AVAILABLE RECORDS ->
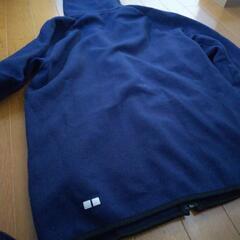 ユニクロ　中厚手のパーカー　ネイビー　Mの画像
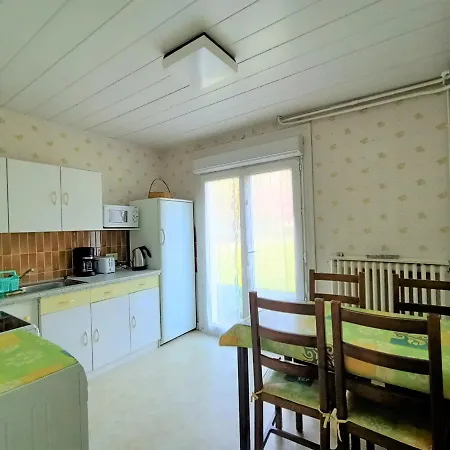 Lägenhet T2 Avec Jardin Et Terrasse A Aix-les-bains, Proche Du - Fr-1-555-5 Aix-les-Bains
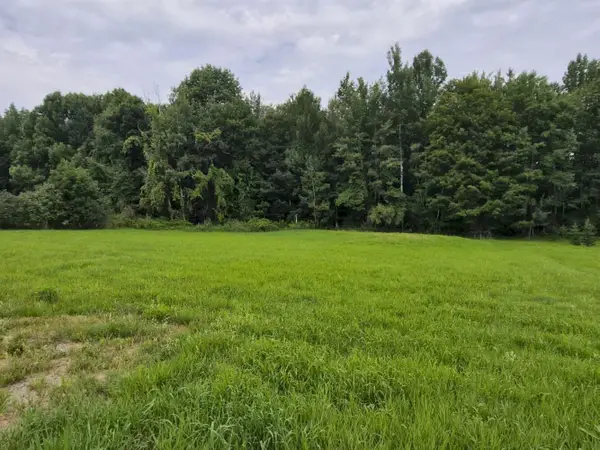 112 Seminole Drive, Farmington, ME 04938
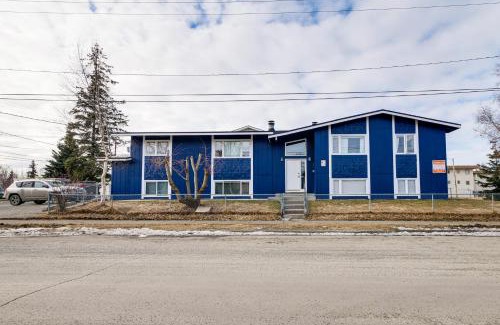 Fairview Apartment | 11 Mi to Kincaid Park Convenient and Cozy Apt!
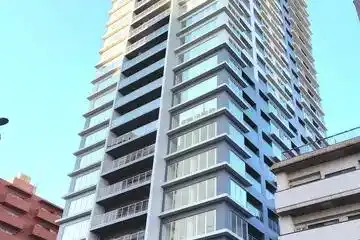 CLASSY TOWER 新宿御苑の外観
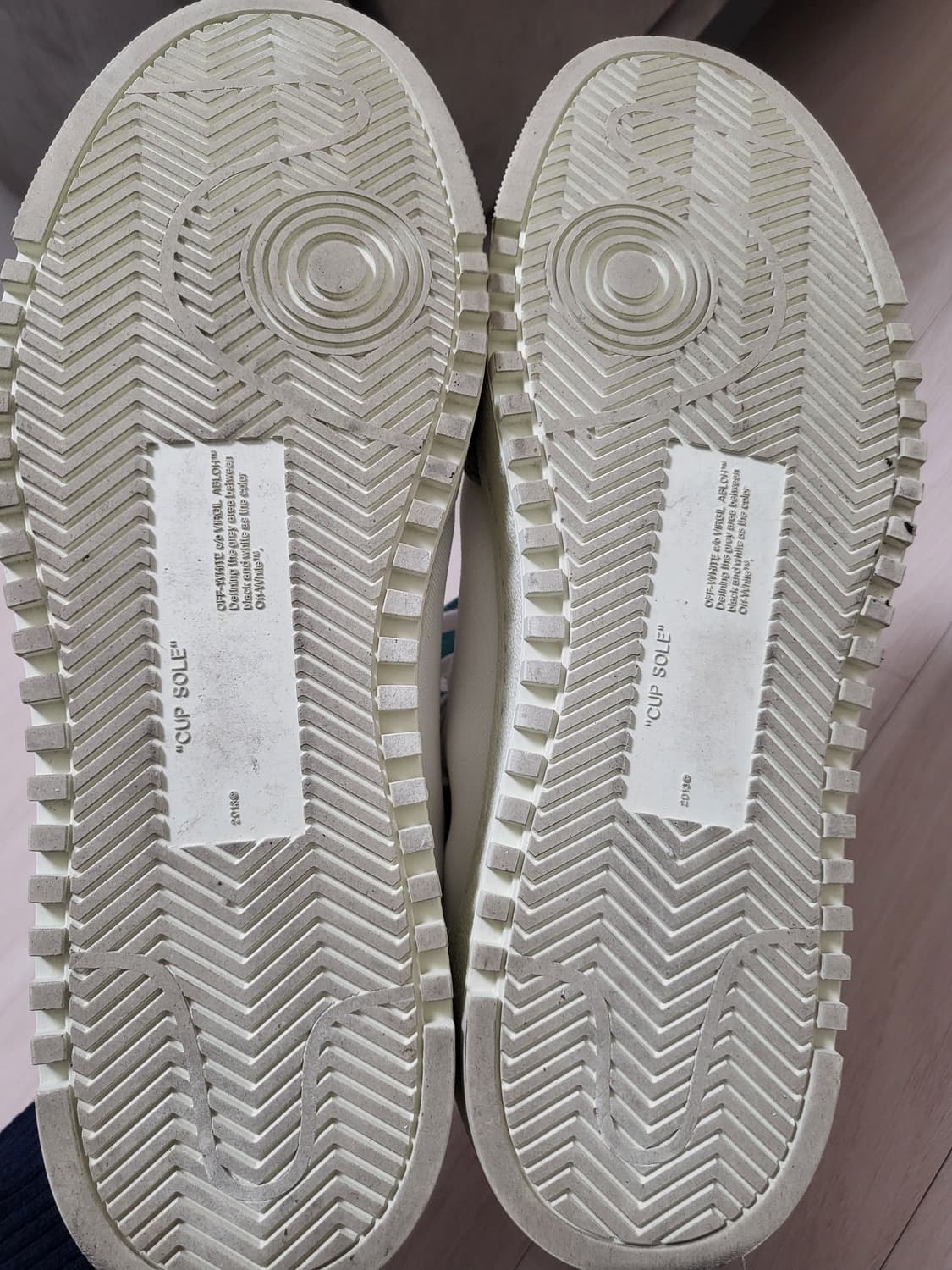 오프화이트 스니커즈 240 상품이미지10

WHAT IS NEEDED ->
Write out verbatim the lines from the one containing "Lägenhet T2 Avec" through the last line of the listing above, and no other lines; omit pictures.

RESPONSE TO THE EXERCISE ->
 Lägenhet T2 Avec Jardin Et Terrasse A Aix-les-bains, Proche Du - Fr-1-555-5 Aix-les-Bains
 112 Seminole Drive, Farmington, ME 04938
 Fairview Apartment | 11 Mi to Kincaid Park Convenient and Cozy Apt!
 CLASSY TOWER 新宿御苑の外観
 오프화이트 스니커즈 240 상품이미지10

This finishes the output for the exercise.